We do not know what will be the Russian equivalent of that fateful meeting of the Fascist Grand Council on July 25, 1943, which spelled Mussolini’s doom. It is reasonable to assume that it is in the making, however. There are many signs that the system of informal checks and balances within the Russian power structure is under acute strain.

If the first anniversary of the “Special Military Operation” comes next February without a major improvement on the ground, the fragile consensus keeping Putin in power may collapse. Its key players are neither blindly devoted to the leader, jawohl mein Führer-style, nor mortally fearful of him as Stalin’s nomenklatura had been. No old crony like Dmitry Peskov, no silovik (strongman) like Sergei Shoigu, and certainly no oligarch like Roman Abramovich, is willing to die for Putin. They are cynical people who care about their power and money first and foremost. They are also pragmatists, by now well aware of Putin’s lack of anything resembling a grand strategy.

It is unlikely that Putin can pull off a winter surprise in Ukraine. The Russian army could not hold the suburbs of Kiev in April and Kharkov in September, which were but an hour’s drive from the borders of Belarus or Russia. It abandoned the city of Kherson just five weeks after formally welcoming it into Russia, even though keeping its garrison supplied and reinforcing it was well within its logistic capability. Its capacity for major combined-arms operations is uncertain. The onset of winter will present many problems for Ukraine’s civilians behind the lines, but that in itself cannot decide the outcome—just as the ordeal of millions of German civilians killed or bombed out of their homes in 1943­­­–1945 had not appreciably shortened the war.

Putin is running out of options, but he dares not test the nation’s resilience by calling a general mobilization, and he dares not fight a real war. Suffice it to say that Russian gas is still flowing to the West through Ukraine, that railway lines from Poland to Kiev and the bridges across the Dnieper that provide the lifeline to Ukrainian forces in the Donbas remain intact.

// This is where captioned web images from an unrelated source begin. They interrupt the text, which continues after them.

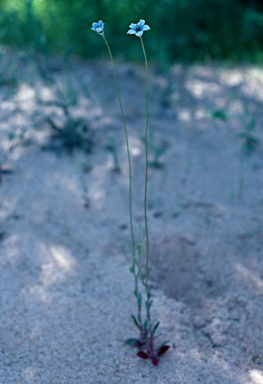 APII jpeg image of Wahlenbergia capensis  © contact APII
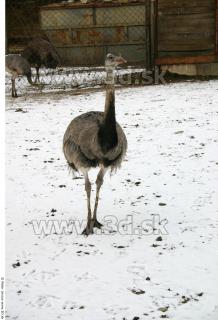 Emus 0002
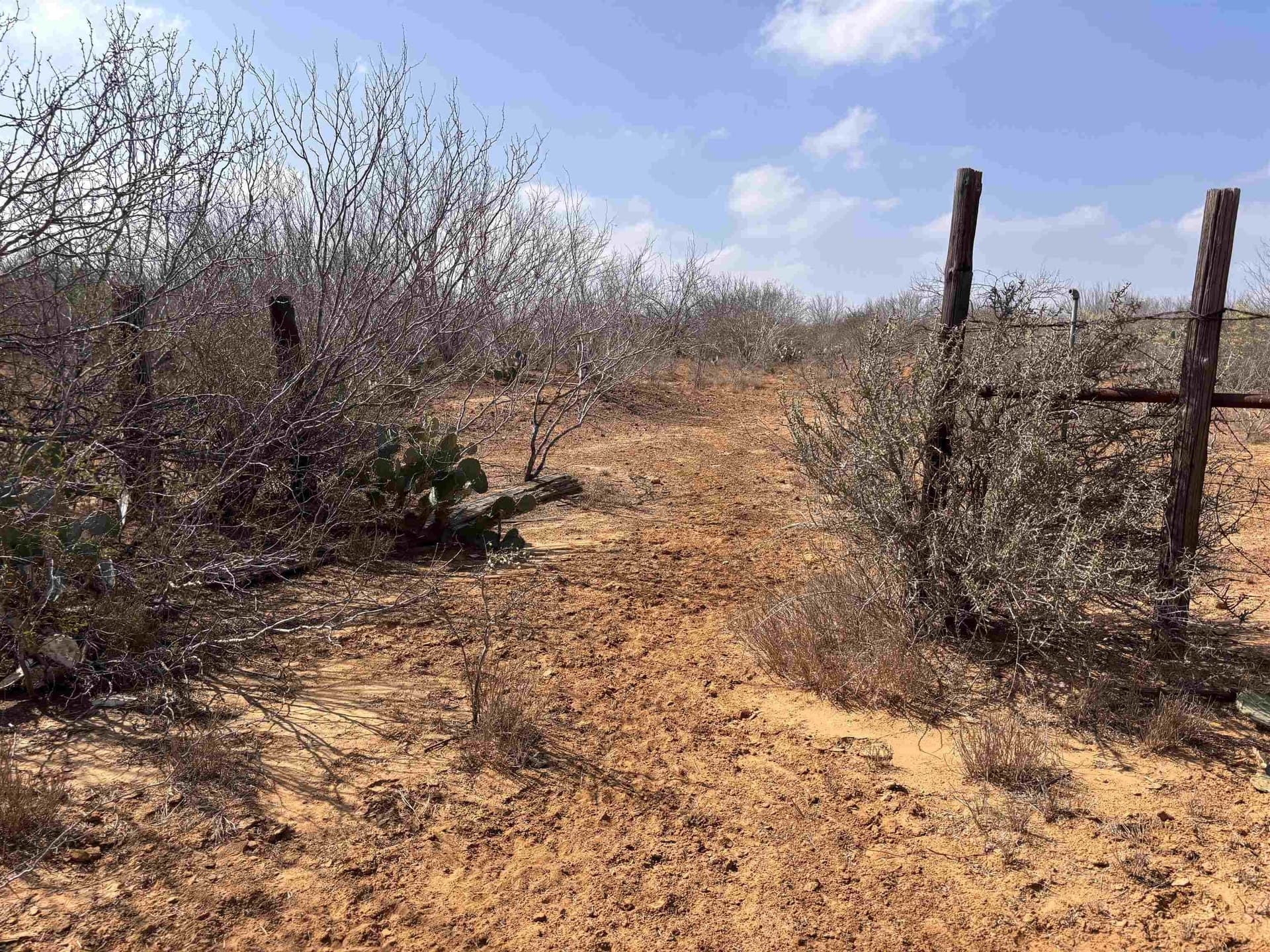 37.23 acres in WEBB County - photo 23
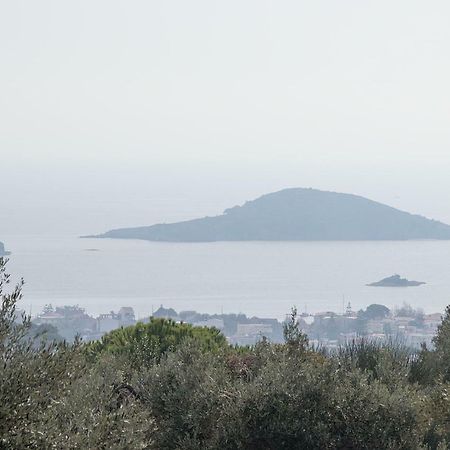 Armamento Villa Moni Evaggelistrias المظهر الخارجي الصورة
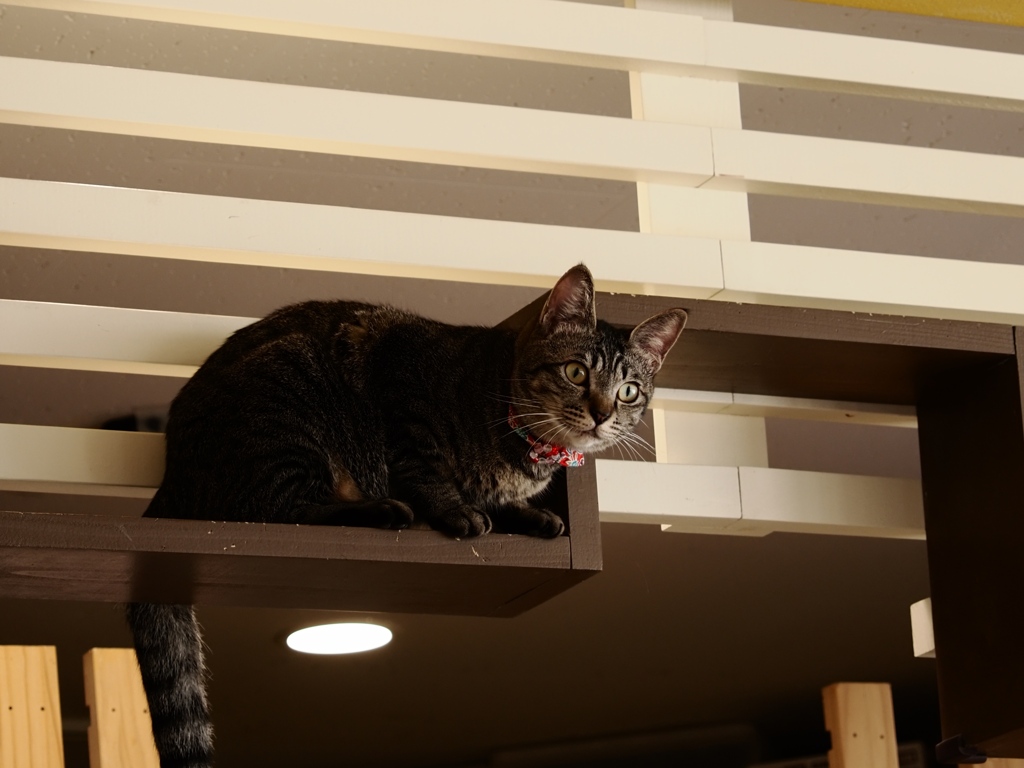 猫まるカフェ3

Putin is a failed manager, a security bureaucrat who had never had the capacity to become a statesman. He must go if Russia is to recover from the current impasse created by him, if she is to avoid becoming China’s supplicant, or a brutally carved-up Western colony. The sooner it happens, the better for Russia, Europe, and the world. Putin’s continued hold on power can only serve the interests of those “benevolent global hegemonists” in the U.S. who want to fight Russia militarily to the last Ukrainian and economically to the last European.